GIS/MEA 584:
Mapping and Analysis Using UAS

Multispectral imagery processing and analysis

Outline:
  • process multispectral imagery in Agisoft Metashape
  • calculate Vegetation indices in GRASS GIS
This assignment is based on chapter 17 of the book “Fundamentals of capturing and processing drone imagery and data” (available through NCSU library: available through NCSU library)

Data:

Agisoft part: GRASS GIS part:

Software:

In the assignment we will be using GRASS GIS 7.8 and Agisoft Metashape Professional Course logistics webpage for links to software in case you don't have it installed already.

Agisoft Metashape part

Processing multispectral drone imagery

Add photos to chunks

Click Workflow->add folder-> RGB folder
In the Workspace pane right click on Workspace and select “New chunk” from the dropdown menu. Double click at the new chunk in the Workspace pane (it will appear bold when active)
Click Workflow->add folder-> RED folder
Rename your Chunks by right-clicking on Chunk 1 > Rename. Change the name of the RGB chunk (Chunk 1) to “RGB” and the RED chunk (Chunk 2) to “RED”. Each chunk includes a sub-category Cameras, which contains a list of the loaded images. The chunks contain photos taken during the site survey as well as images captured during the ascent and the descent of the drone. You do not need the images from the ascent and descent

Camera calibration

Note: this step is only completed for the RED dataset:
Click Tools > Camera calibration
to correct Black level. This setting adjusts the color contrast in the images. On the left side of the dialogue, choose the Sequoia Camera (if it is not already selected).

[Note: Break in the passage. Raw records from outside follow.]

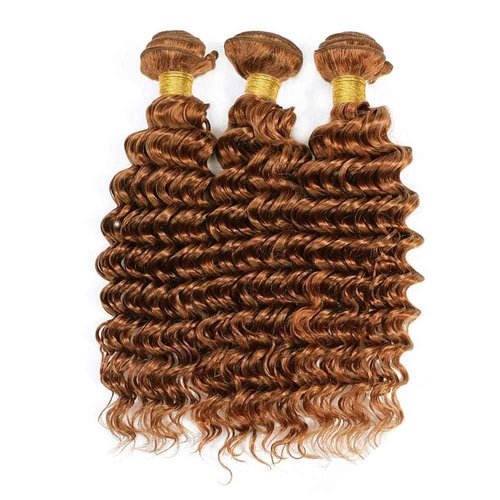 Giginger Brazilian Human Hair Bundles 26 28 30 Inch Color 30 Light Brown Deep Wave Bundles Human Hair Unprocessed Virgin Quick Weave Hair for Black Women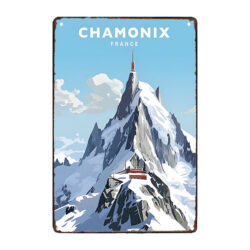 plaque métal souvenir Chamonix mont-blanc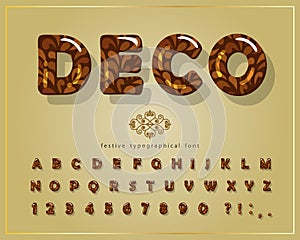 Decorative glossy font. Cartoon 3d alphabet. Festive ornate letters and numbers. Vintage royal design. Vector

Go to the main panel and choose the Bands tab. Change the Black level from 4819.9 to 0, and click OK.

Aligning photos

To exclude images from the ascent and descent, you can manually select them from the list using the image numbers below and then right-click Photos > Disable Camera. You may note that some additional photos are disabled. These photos have also been excluded from the alignment.
  • For RGB: select images 0005 to 0065 (ascent) and images 0180 to 0206 (descent).
  • For RED: select images 0004 to 0022 (ascent) and images 0180 to 0206 (descent).
Click on Workflow > Align Photos 
to align the photos. (you need to align the RED chunk and RGB chunk separately by activating each one of them)
  • Accuracy: RGB: Low, RED: Medium
  • Generic Preselection: Yes
  • Reference Preselection: Yes (drop-down at the right: source)
  • Key point limit: 40,000
  • Tie point limit: 4,000
  • Adaptive camera model fitting (Advanced Settings): Yes

Optimizing sparse point cloud

The result of the alignment process is a sparse point cloud, which contains tie points of the aligned photos. Tie points are locations or objects that are visually recognizable in the overlap area between two or more images. The tie points contain three different measures of accuracy: reprojection error, reconstruction uncertainty, and projection accuracy. Detailed descriptions of these three parameters are provided in the Agisoft user manual. For the purposes of this exercise, it is sufficient to know that Agisoft is able to calculate these three accuracy parameters, and you can optimize the sparse cloud by using the Gradual Selection tool to identify and delete points with high error according to the values of the accuracy parameters. You want to delete points with low Reconstruction Uncertainty values before moving on to the next steps. To do this:
Click Model > Gradual Selection 
to optimize the sparse cloud. In the dropdown menu, choose Reconstruction Uncertainty. You can decrease or increase the uncertainty value of the points by sliding the button from left to right. After clicking OK, you can zoom in and out of the point cloud to inspect the points and see which points have been highlighted as you change the level of reconstruction uncertainty. Set the levels as indicate below then click OK.:
  • RGB: 16.0
  • RED: 44.0
Click Delete on the keyboard to remove the selected points. The last step is to adjust the camera positions and correct the point cloud.
Click Tools > Optimize Cameras. 
Leave all settings as default and click OK.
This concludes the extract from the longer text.